▶ [WHAT IS EXPECTED]: Transcribe the entries below without changing a word, and omit every picture.

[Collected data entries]
○ ○ ○ ○ ○

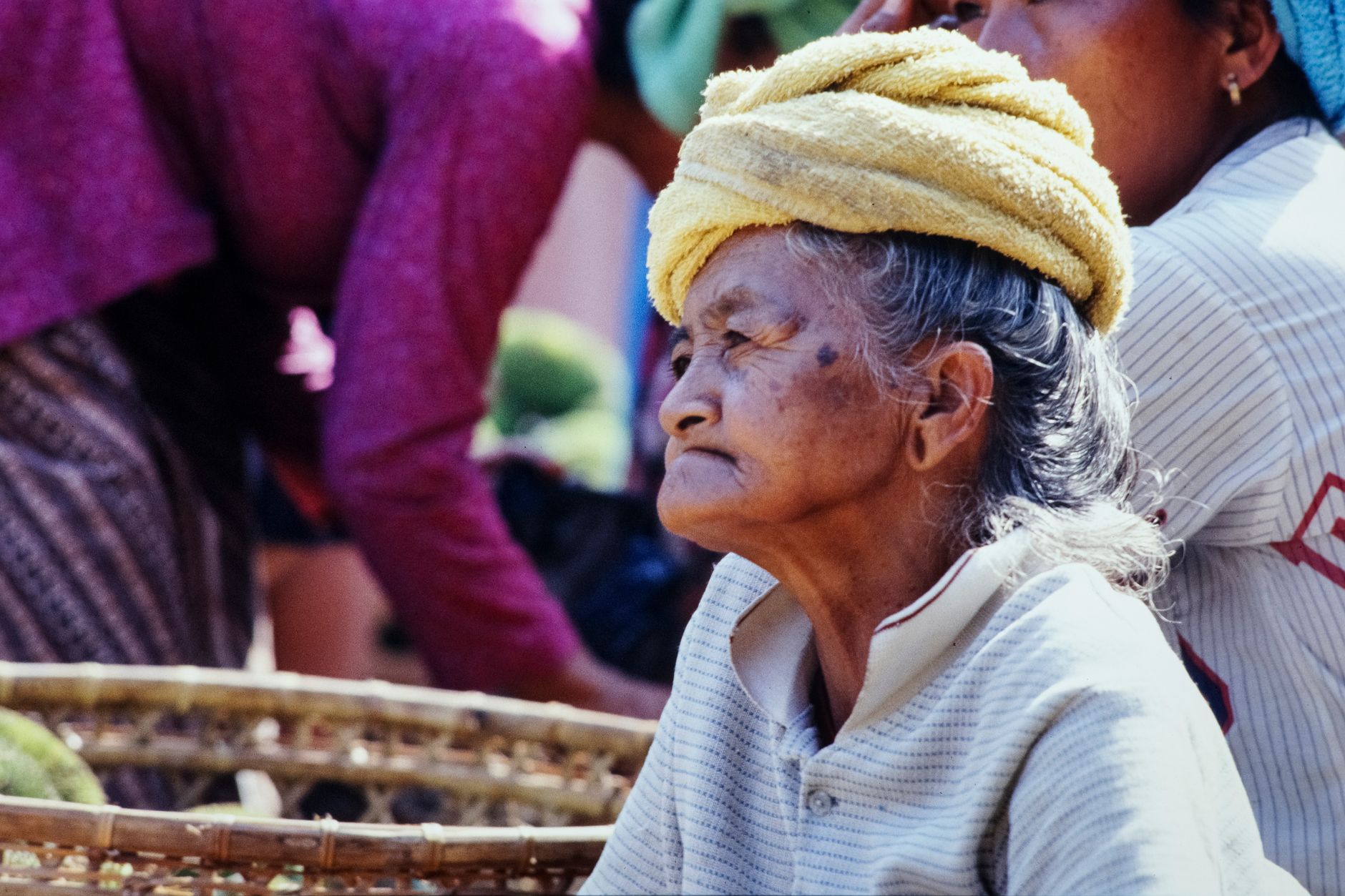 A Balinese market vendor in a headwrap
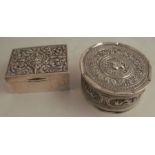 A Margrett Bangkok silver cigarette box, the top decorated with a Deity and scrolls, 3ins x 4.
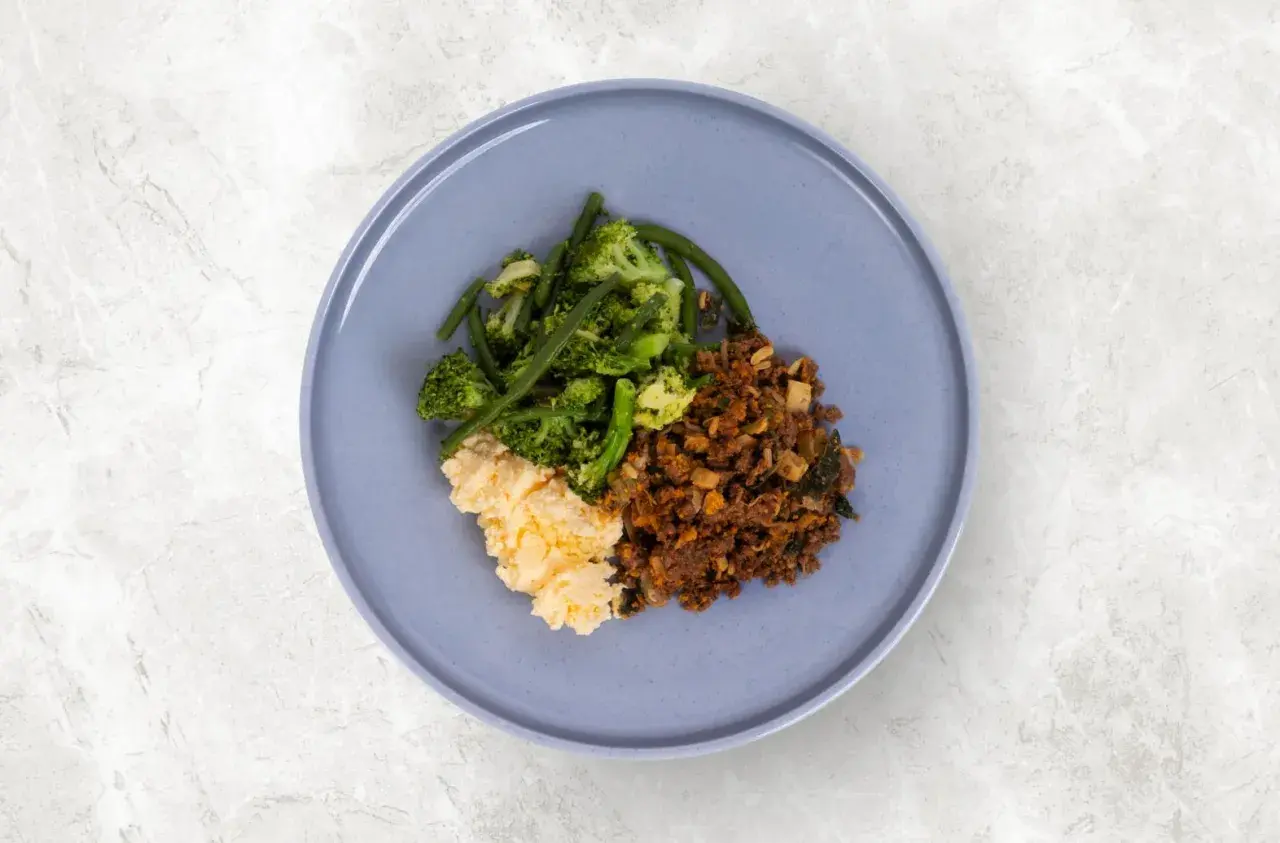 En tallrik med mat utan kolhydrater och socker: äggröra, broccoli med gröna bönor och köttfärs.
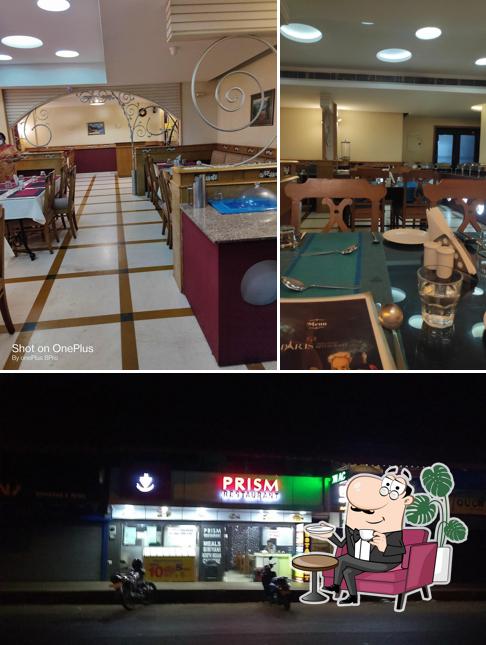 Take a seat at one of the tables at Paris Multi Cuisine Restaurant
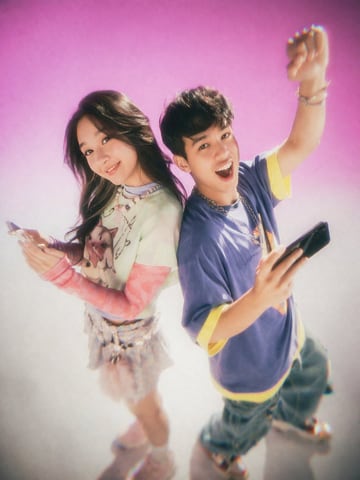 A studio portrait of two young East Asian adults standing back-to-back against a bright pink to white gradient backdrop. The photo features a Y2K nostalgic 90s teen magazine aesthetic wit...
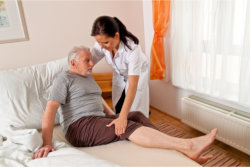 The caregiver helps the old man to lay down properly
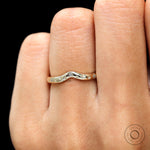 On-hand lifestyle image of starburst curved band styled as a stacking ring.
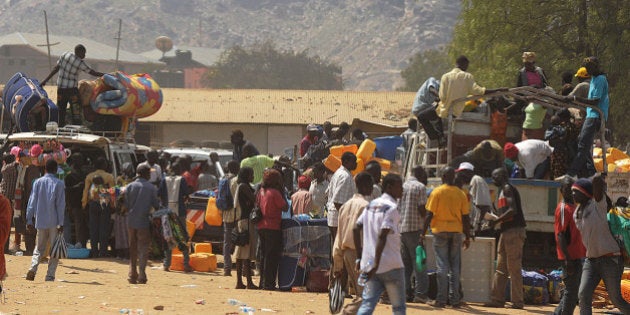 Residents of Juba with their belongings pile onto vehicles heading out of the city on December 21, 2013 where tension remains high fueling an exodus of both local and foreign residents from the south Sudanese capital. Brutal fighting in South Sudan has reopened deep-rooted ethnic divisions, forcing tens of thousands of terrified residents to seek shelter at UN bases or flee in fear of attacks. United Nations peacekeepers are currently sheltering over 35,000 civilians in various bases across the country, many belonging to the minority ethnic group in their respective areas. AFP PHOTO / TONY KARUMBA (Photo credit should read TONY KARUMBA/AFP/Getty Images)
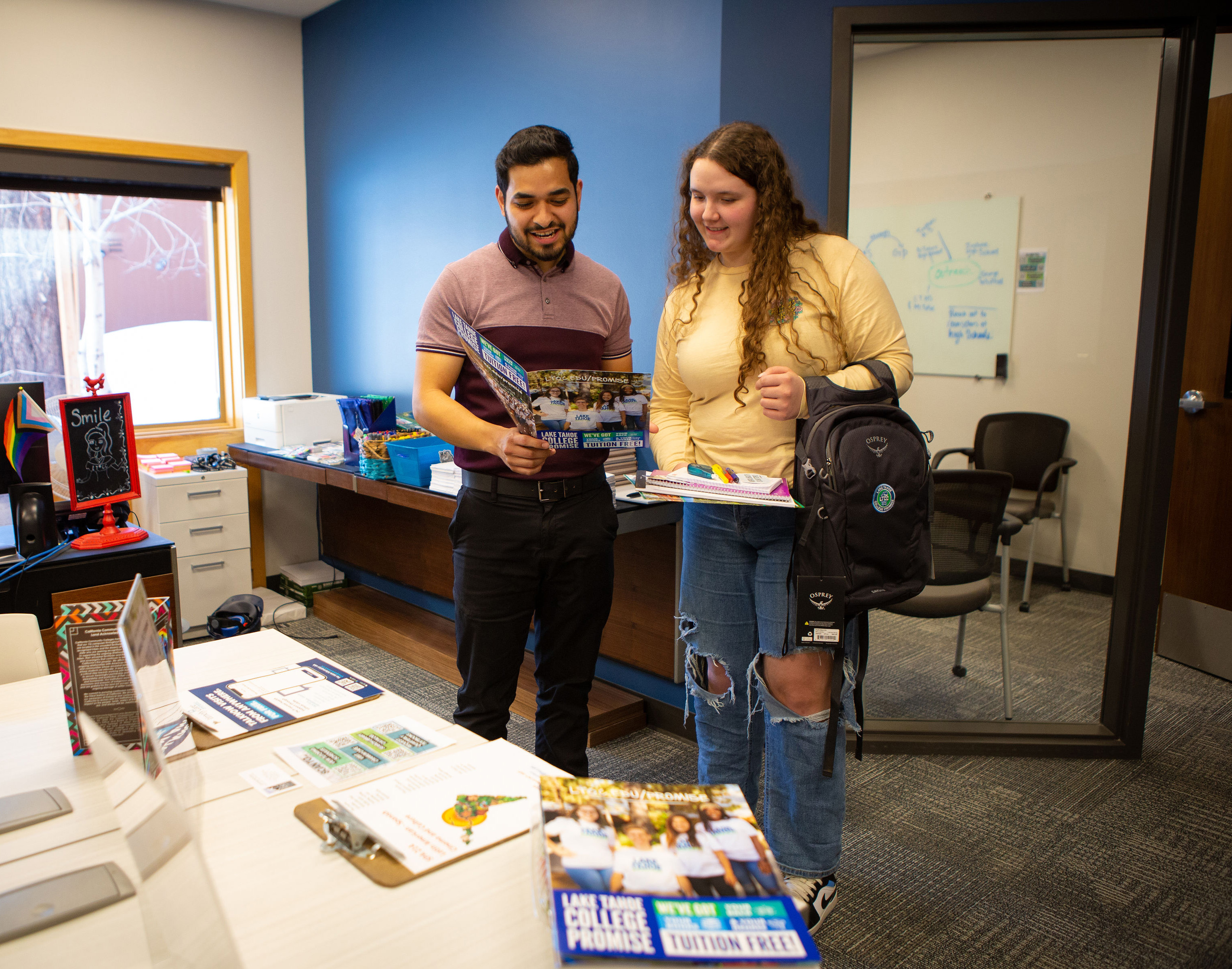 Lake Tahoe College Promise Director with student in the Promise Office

○ ○ ○ ○ ○

▶ [REPLY TO THE TASK]:
 A Balinese market vendor in a headwrap
 A Margrett Bangkok silver cigarette box, the top decorated with a Deity and scrolls, 3ins x 4.
 En tallrik med mat utan kolhydrater och socker: äggröra, broccoli med gröna bönor och köttfärs.
 Take a seat at one of the tables at Paris Multi Cuisine Restaurant
 A studio portrait of two young East Asian adults standing back-to-back against a bright pink to white gradient backdrop. The photo features a Y2K nostalgic 90s teen magazine aesthetic wit...
 The caregiver helps the old man to lay down properly
 On-hand lifestyle image of starburst curved band styled as a stacking ring.
 Residents of Juba with their belongings pile onto vehicles heading out of the city on December 21, 2013 where tension remains high fueling an exodus of both local and foreign residents from the south Sudanese capital. Brutal fighting in South Sudan has reopened deep-rooted ethnic divisions, forcing tens of thousands of terrified residents to seek shelter at UN bases or flee in fear of attacks. United Nations peacekeepers are currently sheltering over 35,000 civilians in various bases across the country, many belonging to the minority ethnic group in their respective areas. AFP PHOTO / TONY KARUMBA (Photo credit should read TONY KARUMBA/AFP/Getty Images)
 Lake Tahoe College Promise Director with student in the Promise Office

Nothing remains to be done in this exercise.